City Tycoon Loses Multi-Million Land to Govt

A city billionaire could not hold much longer on to a prime piece of land he had acquired after the government repossessed it through a court ruling.

A report published by Daily Nation on Wednesday, January 29, stated that tycoon Mike Maina's title deed for land in Murang'a Town was declared null and void by the Environment and Land Court.

Justice Grace Kemei further ordered the tycoon not to interfere with the land which has now been reverted back to Kenya Prisons. 
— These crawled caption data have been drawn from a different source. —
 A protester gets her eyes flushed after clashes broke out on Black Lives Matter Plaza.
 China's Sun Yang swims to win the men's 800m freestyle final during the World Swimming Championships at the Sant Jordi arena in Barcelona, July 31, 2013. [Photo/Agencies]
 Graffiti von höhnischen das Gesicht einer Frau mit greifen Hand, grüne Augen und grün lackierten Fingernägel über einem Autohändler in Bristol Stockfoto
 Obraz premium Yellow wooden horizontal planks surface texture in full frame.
In 2017, Maina, the owner of Marble Arch Hotel in Nairobi, had sought orders to restrain the prisons department from encroaching on the multi-million land after the agency announced plans to build a correctional facility for juveniles.
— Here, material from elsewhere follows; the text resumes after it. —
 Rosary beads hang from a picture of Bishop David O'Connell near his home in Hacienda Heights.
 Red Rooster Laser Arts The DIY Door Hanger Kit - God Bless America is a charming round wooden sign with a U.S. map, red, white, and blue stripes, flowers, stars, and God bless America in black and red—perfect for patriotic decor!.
He further argued that he purchased the land legally from one Stanley Njuguna Maina and thereafter adhered to the stipulated process of acquiring a title deed from the Lands Registry.

"According to evidence adduced in this court, the land was alienated for public use to develop a juvenile department in 1966 through a Kenya Gazette Notice.
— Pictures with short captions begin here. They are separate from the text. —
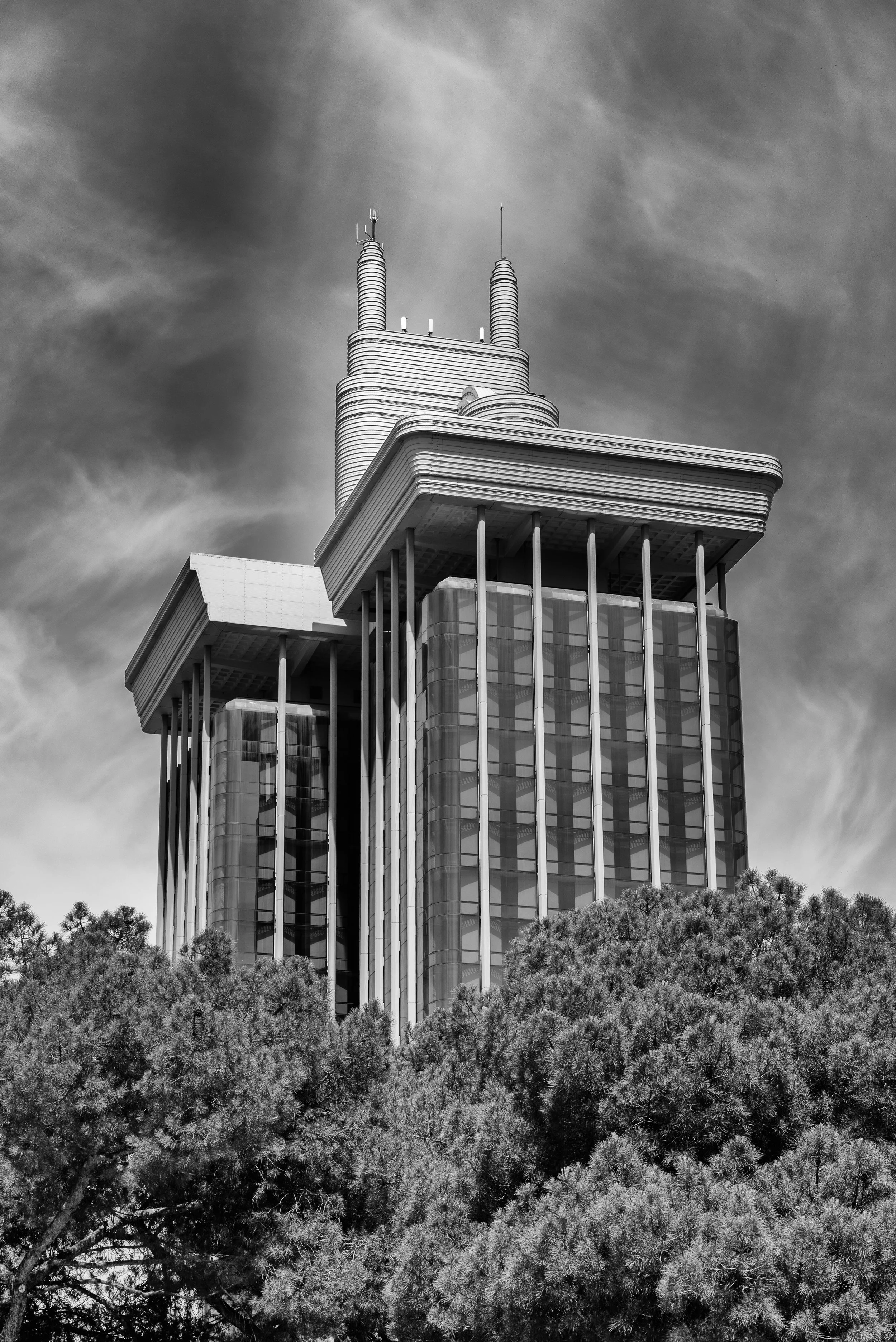Black and white photo of a modern skyscraper with trees at the bottom, clouds in the sky above.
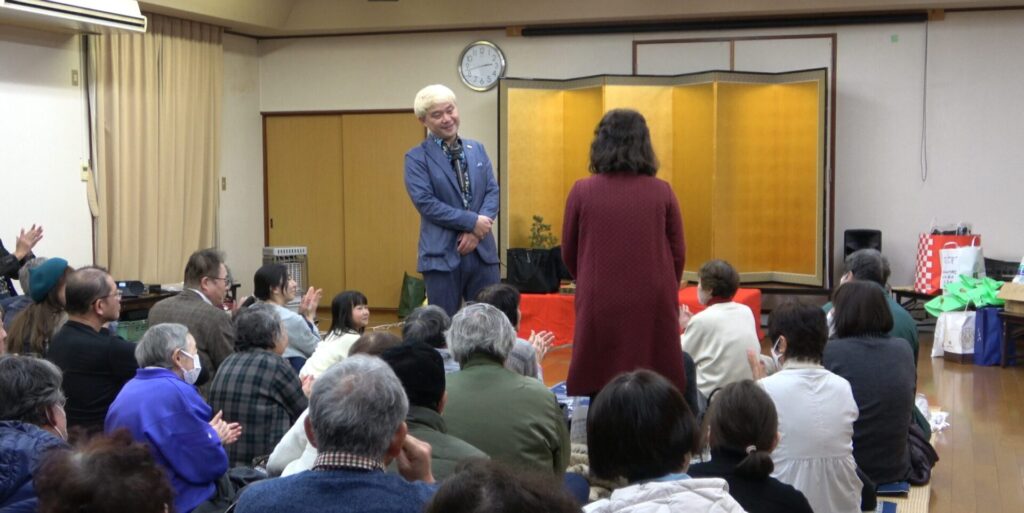 石川県羽咋市の演芸会で、お客様とともにマジックを楽しむコンプレッサー。20周年に向けた新たな挑戦が、会場の笑顔を引き出します。
キャプション: 楽しい掛け合いで、会場中が驚きと笑顔に包まれる和やかなワンシーン。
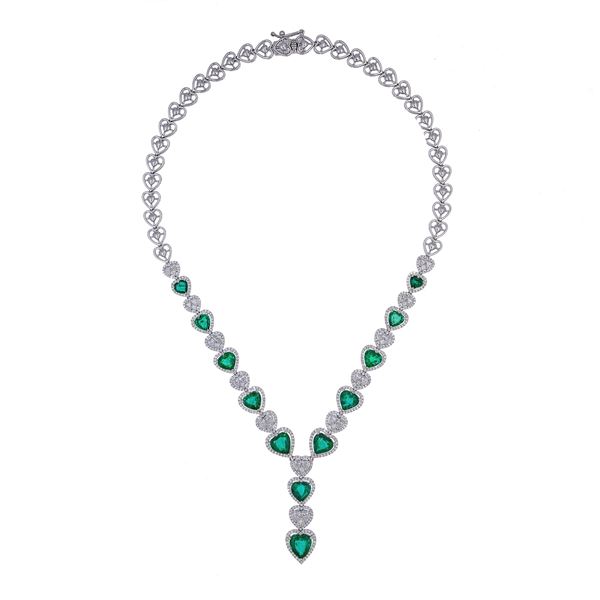 18kt white gold with emeralds and diamonds heart necklace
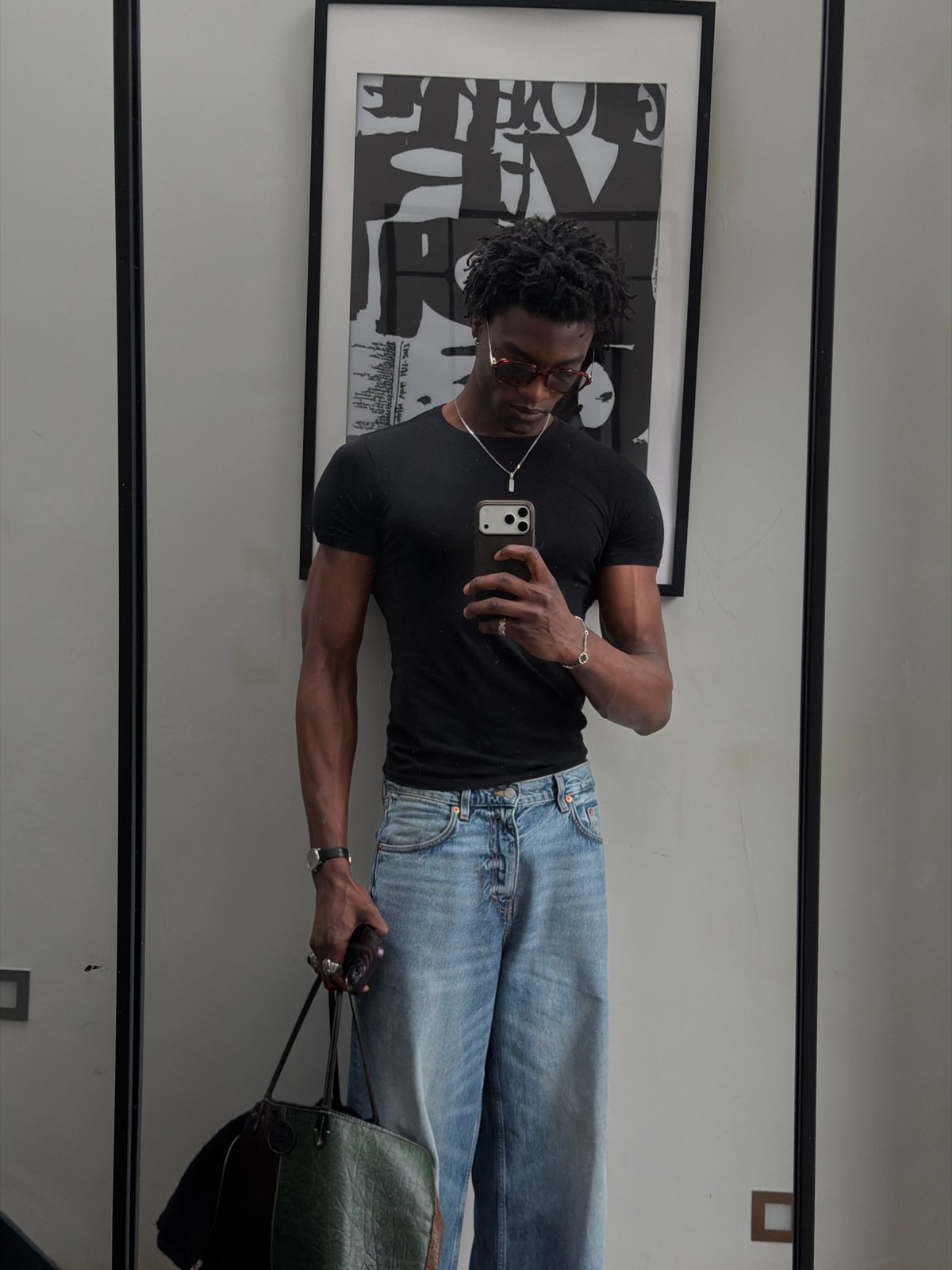 Man takes mirror selfie in London indoor location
"Although the petitioner bought it from Stanley Njuguna Maina, who was purportedly issued with the ownership documents, he ought to have known that it was government land reserved for public use," Justice Grace Kemei ruled, stating that the office of the attorney general and the commissioner of Prisons had given satisfactory evidence.

Maina isn't new to controversy. In 2018, he was involved in a court dispute with Nairobi Governor Mike Sonko after the tycoon's firm, Muthithi Investments Ltd initiated the demolition of houses in Kayole, Nairobi.

In January 2020, he was named in a shady deal between him, his lawyer Chege Kirundi, and other government officials. The deal which stretched over two decades resulted in the National Social Security Fund (NSSF) losing Ksh293 million.

The land in question was reportedly excised from Karura Forest and sold to a private firm identified as Kitusuru Limited, which is associated with Kirundi and Maina in 1993.